If you say, 'How could that be when our Lord says that angels, spirit beings, cannot marry?'
Well, our Lord doesn't actually say that, does he? He says they don't. And perhaps in such obscure matters as these, we ought to be careful to remain exactly according to what our Lord says and not necessarily go beyond it. He says that angels don't. Certainly, they normally don't.
Jude, the sister epistle to 2 Peter, seems to throw light upon this matter somewhat, doesn't he? He says,
Angels which kept not their own principality, but left their proper habitation. (Jude 6 RV)
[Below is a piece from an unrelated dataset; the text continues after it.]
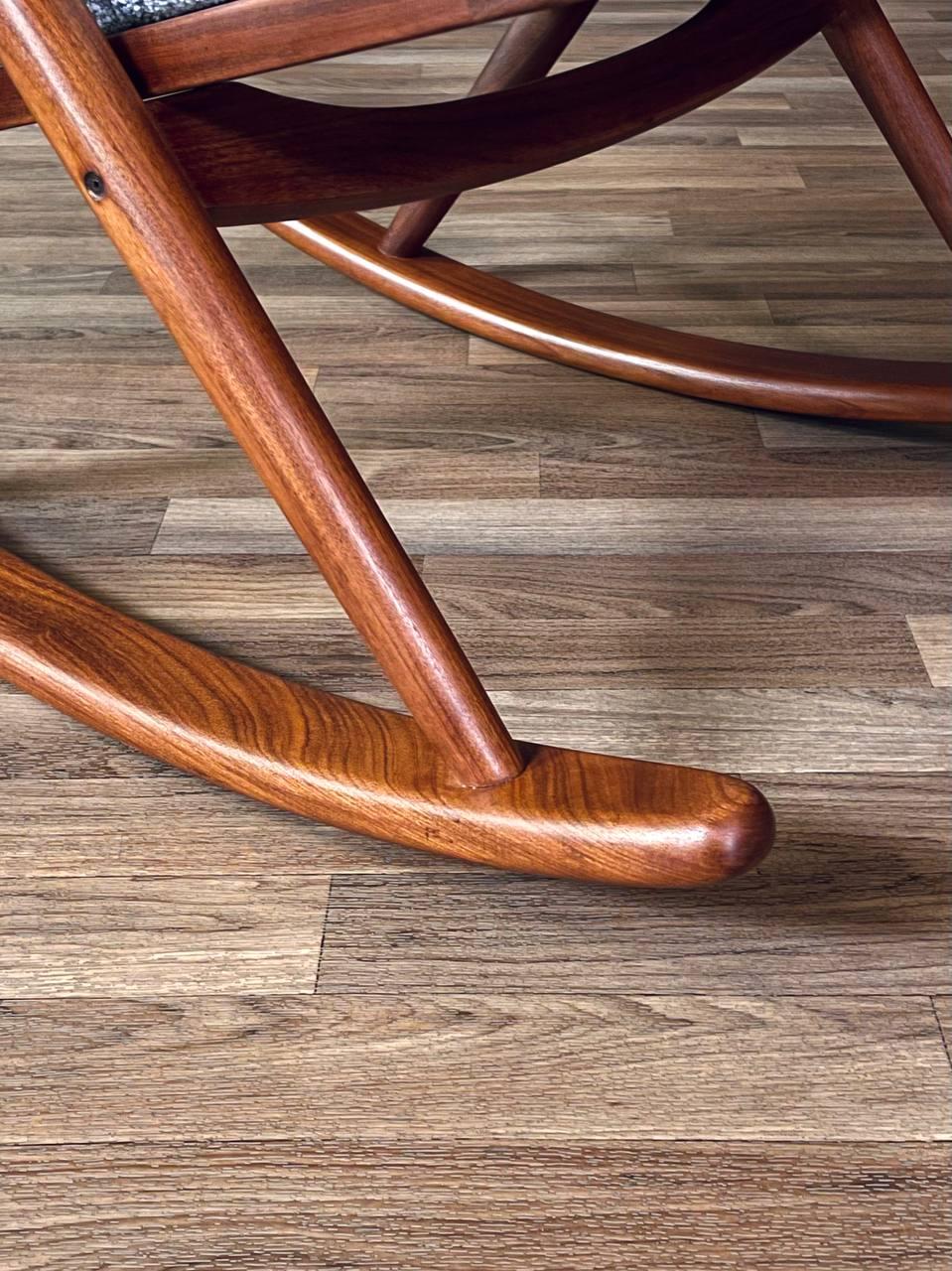 Newly Refinished - Danish Modern Teak Rocking Chair by Frank Reenskaug en vente 2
What does he mean by habitation? Maybe he is talking of their general sphere. You may compare the word he uses (if you know a little bit of your Greek) with the word Paul uses in 2 Corinthians 5:1. Speaking of believers, he says that when we go home to heaven, we have 'a house not made with hands, eternal in the heavens.' Paul is referring to that spiritual body that we shall have there. Here Jude says that these angels did not keep their 'house', their 'habitation'. And he compares what they did then: 'just as Sodom and Gomorrah' (Jude 7). What was the sin of Sodom and Gomorrah? Well, they went after strange flesh. There was a perversion in the days of Sodom and Gomorrah. What these angels did was even as Sodom and Gomorrah. It was, in some sense, a perversion of their original state and function.
More than that, I would not say. I leave it there. I merely tell you the reasons why I hold my own view.